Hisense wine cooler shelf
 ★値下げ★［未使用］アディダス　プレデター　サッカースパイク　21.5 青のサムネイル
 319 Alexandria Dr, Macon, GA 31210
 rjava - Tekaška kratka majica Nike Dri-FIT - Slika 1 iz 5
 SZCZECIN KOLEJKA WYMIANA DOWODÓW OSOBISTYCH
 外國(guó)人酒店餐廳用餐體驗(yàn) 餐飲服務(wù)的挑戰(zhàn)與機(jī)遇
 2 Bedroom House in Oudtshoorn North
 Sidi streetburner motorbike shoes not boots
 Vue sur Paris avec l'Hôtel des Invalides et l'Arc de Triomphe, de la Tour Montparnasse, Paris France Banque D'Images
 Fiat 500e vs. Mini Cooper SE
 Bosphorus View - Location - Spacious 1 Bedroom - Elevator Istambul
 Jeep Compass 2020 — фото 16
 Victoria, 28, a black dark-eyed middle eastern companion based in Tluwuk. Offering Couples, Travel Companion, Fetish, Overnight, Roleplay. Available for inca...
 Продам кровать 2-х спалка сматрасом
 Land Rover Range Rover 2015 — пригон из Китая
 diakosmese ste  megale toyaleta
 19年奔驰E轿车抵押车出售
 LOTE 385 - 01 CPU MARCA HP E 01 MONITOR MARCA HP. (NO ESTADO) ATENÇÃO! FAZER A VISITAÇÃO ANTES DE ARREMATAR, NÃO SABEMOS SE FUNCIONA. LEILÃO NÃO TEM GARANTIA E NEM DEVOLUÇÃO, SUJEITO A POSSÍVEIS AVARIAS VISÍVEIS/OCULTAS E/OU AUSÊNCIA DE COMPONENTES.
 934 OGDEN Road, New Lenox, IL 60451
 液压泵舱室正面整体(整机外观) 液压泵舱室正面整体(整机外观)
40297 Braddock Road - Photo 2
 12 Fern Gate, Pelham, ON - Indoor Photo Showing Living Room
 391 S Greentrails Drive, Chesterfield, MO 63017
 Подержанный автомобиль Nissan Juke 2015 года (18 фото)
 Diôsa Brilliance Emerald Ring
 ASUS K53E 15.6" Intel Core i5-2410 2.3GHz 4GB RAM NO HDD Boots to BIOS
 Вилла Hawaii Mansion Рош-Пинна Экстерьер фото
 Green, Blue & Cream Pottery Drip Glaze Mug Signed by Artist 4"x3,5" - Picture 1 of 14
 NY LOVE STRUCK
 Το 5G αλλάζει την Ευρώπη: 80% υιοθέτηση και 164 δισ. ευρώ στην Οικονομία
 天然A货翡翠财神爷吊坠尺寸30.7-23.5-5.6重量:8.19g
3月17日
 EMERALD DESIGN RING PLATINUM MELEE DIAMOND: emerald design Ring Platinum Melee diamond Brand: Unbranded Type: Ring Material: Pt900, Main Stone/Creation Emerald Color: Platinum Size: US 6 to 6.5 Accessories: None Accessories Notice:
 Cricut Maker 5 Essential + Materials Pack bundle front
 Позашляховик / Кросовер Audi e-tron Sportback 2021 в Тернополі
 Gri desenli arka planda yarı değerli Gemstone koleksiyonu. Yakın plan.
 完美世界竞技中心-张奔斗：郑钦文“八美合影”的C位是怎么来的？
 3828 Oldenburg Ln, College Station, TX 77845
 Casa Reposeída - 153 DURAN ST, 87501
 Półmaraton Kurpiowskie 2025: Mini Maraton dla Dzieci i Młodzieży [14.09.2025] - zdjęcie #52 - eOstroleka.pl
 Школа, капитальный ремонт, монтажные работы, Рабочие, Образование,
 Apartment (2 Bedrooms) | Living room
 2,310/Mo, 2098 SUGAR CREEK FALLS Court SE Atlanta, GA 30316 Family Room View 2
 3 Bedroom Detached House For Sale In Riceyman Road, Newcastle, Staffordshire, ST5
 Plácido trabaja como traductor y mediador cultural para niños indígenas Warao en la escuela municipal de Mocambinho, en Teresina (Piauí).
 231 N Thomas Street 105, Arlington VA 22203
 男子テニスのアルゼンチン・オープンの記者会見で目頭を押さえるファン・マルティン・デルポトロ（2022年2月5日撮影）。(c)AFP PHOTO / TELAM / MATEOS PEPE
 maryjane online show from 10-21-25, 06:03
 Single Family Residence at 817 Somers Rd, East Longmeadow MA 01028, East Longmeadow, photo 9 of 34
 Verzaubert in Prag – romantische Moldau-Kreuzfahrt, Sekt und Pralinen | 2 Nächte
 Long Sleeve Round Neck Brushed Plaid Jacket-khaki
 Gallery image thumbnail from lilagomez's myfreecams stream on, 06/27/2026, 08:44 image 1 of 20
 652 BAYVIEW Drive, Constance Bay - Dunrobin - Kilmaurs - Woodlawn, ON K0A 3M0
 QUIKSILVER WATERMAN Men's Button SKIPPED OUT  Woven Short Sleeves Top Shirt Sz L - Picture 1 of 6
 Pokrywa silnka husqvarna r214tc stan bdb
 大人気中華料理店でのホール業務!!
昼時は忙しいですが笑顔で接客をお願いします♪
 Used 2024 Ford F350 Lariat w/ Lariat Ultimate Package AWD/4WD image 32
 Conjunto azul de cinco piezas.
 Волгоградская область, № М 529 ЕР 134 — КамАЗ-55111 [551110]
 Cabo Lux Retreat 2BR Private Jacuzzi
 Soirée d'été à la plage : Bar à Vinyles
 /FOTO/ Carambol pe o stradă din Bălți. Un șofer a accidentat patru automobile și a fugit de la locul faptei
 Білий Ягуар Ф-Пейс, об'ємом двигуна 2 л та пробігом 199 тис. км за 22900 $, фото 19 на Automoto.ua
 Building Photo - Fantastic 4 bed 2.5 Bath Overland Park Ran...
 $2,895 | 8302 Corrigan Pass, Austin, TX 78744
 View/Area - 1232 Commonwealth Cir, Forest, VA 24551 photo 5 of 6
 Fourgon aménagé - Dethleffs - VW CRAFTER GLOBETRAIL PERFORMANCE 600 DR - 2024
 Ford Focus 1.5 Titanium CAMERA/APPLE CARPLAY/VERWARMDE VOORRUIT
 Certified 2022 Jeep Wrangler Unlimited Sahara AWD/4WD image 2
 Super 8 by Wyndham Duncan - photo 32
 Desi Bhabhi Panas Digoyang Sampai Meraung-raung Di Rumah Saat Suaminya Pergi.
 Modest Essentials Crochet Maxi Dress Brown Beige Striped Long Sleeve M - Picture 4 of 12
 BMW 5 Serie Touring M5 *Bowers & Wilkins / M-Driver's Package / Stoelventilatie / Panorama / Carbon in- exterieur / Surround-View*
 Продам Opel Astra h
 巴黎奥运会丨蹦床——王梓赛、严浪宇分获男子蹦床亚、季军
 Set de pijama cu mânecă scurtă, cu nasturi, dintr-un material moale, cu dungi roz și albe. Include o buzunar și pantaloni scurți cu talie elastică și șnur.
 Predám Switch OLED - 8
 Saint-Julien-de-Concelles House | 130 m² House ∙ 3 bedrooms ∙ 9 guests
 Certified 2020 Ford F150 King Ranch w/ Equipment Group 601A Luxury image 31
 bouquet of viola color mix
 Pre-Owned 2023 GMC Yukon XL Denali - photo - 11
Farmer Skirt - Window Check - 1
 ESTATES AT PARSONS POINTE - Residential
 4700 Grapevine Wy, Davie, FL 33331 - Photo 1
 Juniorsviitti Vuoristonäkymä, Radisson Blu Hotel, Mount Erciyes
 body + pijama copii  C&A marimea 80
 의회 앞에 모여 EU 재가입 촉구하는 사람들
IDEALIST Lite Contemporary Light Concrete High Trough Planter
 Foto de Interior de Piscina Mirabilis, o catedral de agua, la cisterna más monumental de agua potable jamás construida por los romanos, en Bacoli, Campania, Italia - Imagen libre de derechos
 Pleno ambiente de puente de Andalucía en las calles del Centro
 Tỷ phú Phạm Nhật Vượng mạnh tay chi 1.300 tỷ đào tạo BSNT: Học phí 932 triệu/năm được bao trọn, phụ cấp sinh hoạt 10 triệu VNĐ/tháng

:: Instructions to follow ::
Before answering, count every line of the data that holds the word "фото"; the reply is that number only.

:: Written reply ::
4